The size of the Betti table of Binomial Edge Ideals
Antonino Ficarra, Emanuele Sgroi
TL;DR
This work classifies the possible sizes of Betti tables for binomial edge ideals $J_G$ of graphs on $n$ non-isolated vertices by determining the set $\mathrm{pdreg}(n)$ of all pairs $(\mathrm{proj\,dim}(J_G),\mathrm{reg}(J_G))$. It develops universal bounds and then builds a comprehensive catalogue of special graph classes (joins, cones, decomposable graphs, and $D_5$-type graphs) to realize a wide range of pairs, using induction on $n$ to extend from small graphs.
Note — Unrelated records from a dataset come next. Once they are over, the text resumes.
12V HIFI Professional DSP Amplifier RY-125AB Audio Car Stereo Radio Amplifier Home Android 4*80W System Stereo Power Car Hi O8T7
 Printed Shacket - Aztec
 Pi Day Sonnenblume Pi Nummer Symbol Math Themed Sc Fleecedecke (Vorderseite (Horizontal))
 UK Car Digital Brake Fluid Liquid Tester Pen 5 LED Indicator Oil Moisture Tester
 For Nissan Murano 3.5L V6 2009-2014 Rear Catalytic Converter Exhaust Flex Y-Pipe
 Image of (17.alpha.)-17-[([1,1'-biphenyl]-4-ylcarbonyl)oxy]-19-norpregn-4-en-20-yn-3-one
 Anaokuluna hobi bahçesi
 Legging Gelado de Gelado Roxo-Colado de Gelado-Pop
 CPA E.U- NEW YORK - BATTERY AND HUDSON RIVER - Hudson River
The main result provides an explicit description of $\mathrm{pdreg}(n)$ for all $n\ge 3$, with an exceptional set $A_n$ corresponding to reg=$n-1$ that remains partly unresolved, complemented by conjectures and computational evidence. Overall, the paper maps the full landscape of Betti-table sizes for binomial edge ideals, enabling precise predictions of homological invariants from graph structure and guiding further study of the reg=$n-1$ boundary.
Abstract
Let $G$ be a finite simple graph on $n$ non-isolated vertices, and let $J_G$ be its binomial edge ideal. We determine almost all pairs $(\text{projdim}(J_G),\text{reg}(J_G))$, where $G$ ranges over all finite simple graphs on $n$ non-isolated vertices, for any $n$.